French historian (1914–1976)

Pierre Léon (24 November 1914 – 12 October 1976) was a French historian.

==Life==
Born in the 2nd arrondissement of Lyon, he became an innovator in economic history, publishing his thesis La Naissance de la grande industrie en Dauphiné (fin du XVIIe siecle-1869) (The birth of major industry in the Dauphiné (end of the 17th century - 1869)) in 1954, the first major economical study of that region.

He became professor at the University of Lyon, where he founded the Centre d'histoire économique et sociale de la région lyonnaise (later renamed after him) and encouraged it for several years before moving to the Sorbonne. He became a member of the consultative committee on universities and president of the French Association of Economic Historians, which later became the French Association of Economic History.

A student of Marc Bloch then Ernest Labrousse, he contributed to several collective works, particularly the treatise Histoire économique et sociale de la France (Braudel-Labrousse), Presses universitaires de France, 1970-1982 (later republications) as well as instigating and heading the six-volume Histoire économique et sociale du monde (Armand Colin, 1970–1978). In 1968 he also set up the Bulletin du Centre d'histoire économique et sociale de la région lyonnaise, later renamed the Bulletin du Centre Pierre Léon and now known as the Cahiers du Centre Pierre Léon d'histoire économique et sociale He died at Saint-Mandé.

== Works ==
- Deux siècles d'activité minière et metallurgique en Dauphiné : L'usine d'Allevard (1675-1870), Revue de Géographie alpine, 1948, pp. 215–258.
- La Naissance de la grande industrie en Dauphiné (fin du XVIII siecle -1869) 2 volumes, Faculté des lettres de Grenoble, PUF, 1954.
- Économie et Diplomatie : les Relations commerciales delphino-piémontaises au début du XVIII siecle (1700-1730), Cahiers d'histoire, 1960, pp 277–304.
- La guerre économique franco-sarde au début du XVIII siecle. Étude des relations commerciales delphino-piémontaises (1700-1730), Bulletin du C. T. H. S. Section d'histoire moderne et contemporaine (1961) pp. 615–620.
- « Les Techniques métallurgiques dauphinoises au XVIIIe siècle », dans : Histoire de la Pensée, V, Paris, Hermann, 1961.
- Marchands et spéculateurs dauphinois dans le monde antillais du XVIII siecle, Les Belles Lettres (1963)
- « Crises et adaptations de la métallurgie alpine. L'usine d'Allevard (1869-1914) » Cahiers d'histoire, Grenoble (1963).
- La région lyonnaise dans l'histoire économique et sociale de la France. Une esquisse (XVIe-XXe siècles), Revue historique, 1966, pp. 31–62.
- Économies et sociétés de l'Amérique latine, SEDES, 1969.
- Économies et sociétés préindustrielles : 1650-1780 t. 2, Armand Colin, 1970.
- Géographie de la fortune et structures sociales à Lyon au XIX siecle (1815-1914), Lyon, Université Lyon II, 1974.
- Une bibliographie plus longue est disponible sur le site d'IdRef Sudoc.

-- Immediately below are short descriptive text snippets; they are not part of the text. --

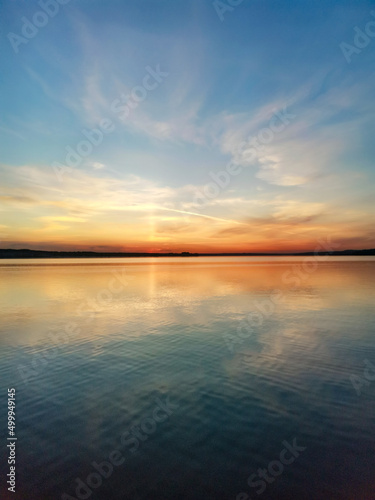 Sunset on a pond with blue sky, red clouds and water with reflection. Russia.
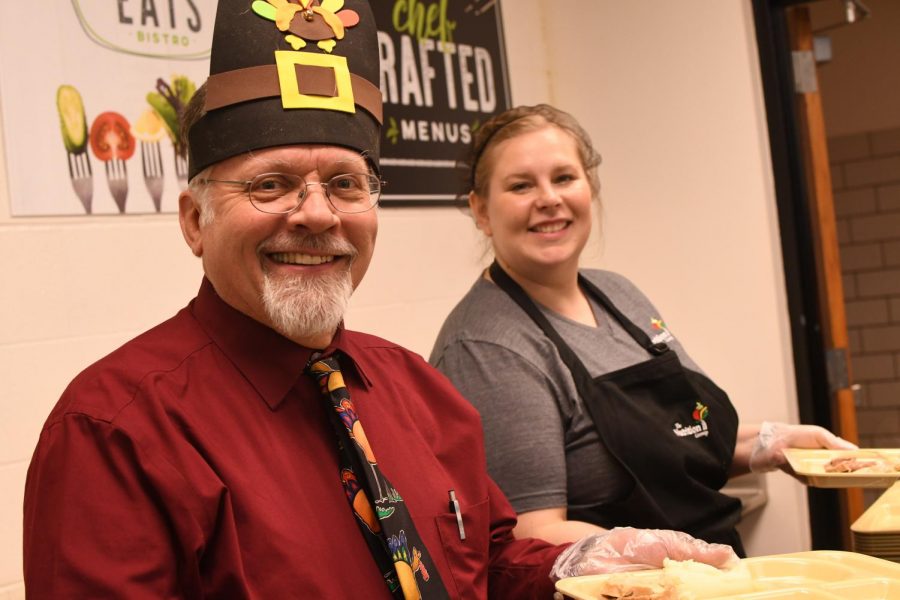 Social studies teacher Cummins McNitt and Food Service Director Amanda Grove serving the good stuff at the annual Thanksgiving dinner at the TAHS cafeteria during last years TAHS Thanksgiving lunch in 2019.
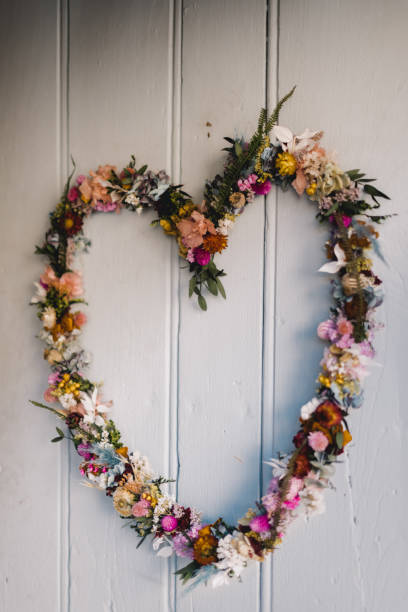 istock Heart-shaped wreath hanging on a door 1312128343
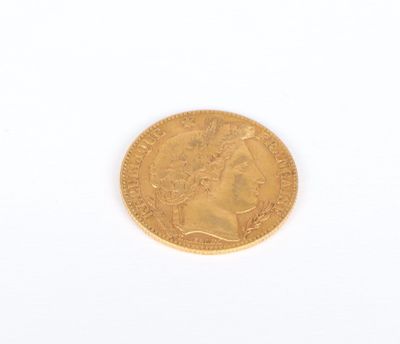 an image of a gold coin on a white surface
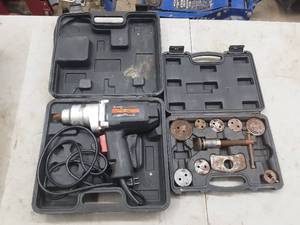 lot 9 image: 12 electric impact and brake caliper compressor tool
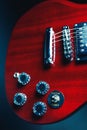 Red electric guitar with festive Christmas lights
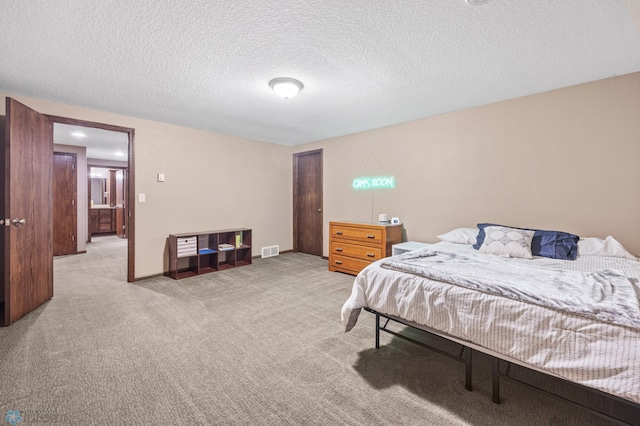 bedroom featuring a textured ceiling, light colored carpet, visible vents, baseboards, and a closet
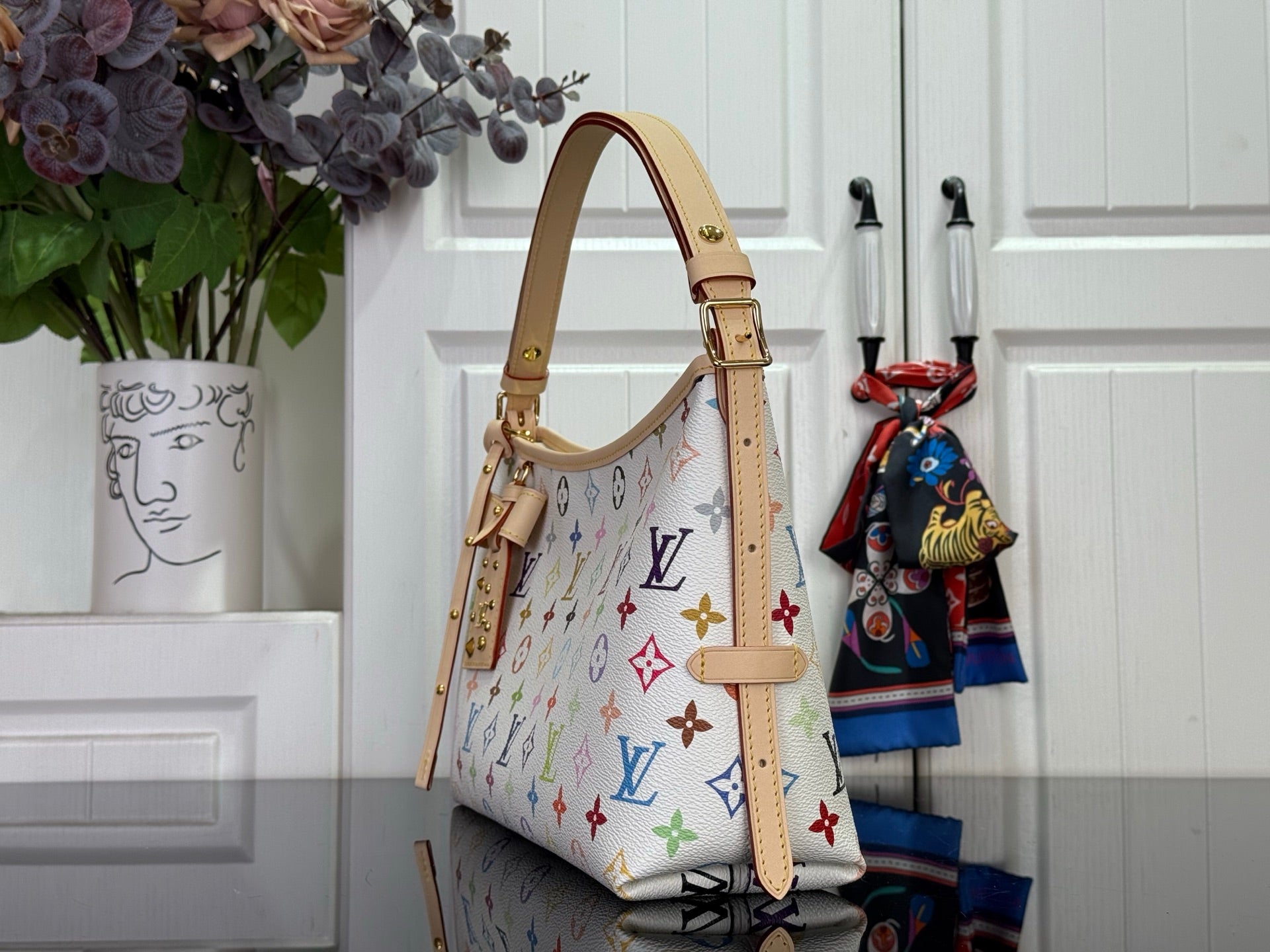 Multicolor monogram tote with structured sides, leather straps, and hanging charm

== Bibliography (in French) ==
- François Caron, « Pierre Léon » in Revue historique, 1977, volume 257, pp. 527–531 online version.
- Lionel Dumond, « LÉON, Pierre (1914-1976) » in Christian Amalvi (ed.), Dictionnaire biographique des historiens français et francophones. De Grégoire de Tours à Georges Duby, Paris, La boutique de l'histoire, 2004, p. 191.
- Maurice Garden, « Hommage à Pierre Léon », Bulletin du Centre Pierre Léon, n° 2, 1977 online version.
- Pierre Goubert, « Pierre Léon, de Lyon » dans Un parcours d'historien. Souvenirs 1915-1995, Fayard, 1996, pp. 174–177.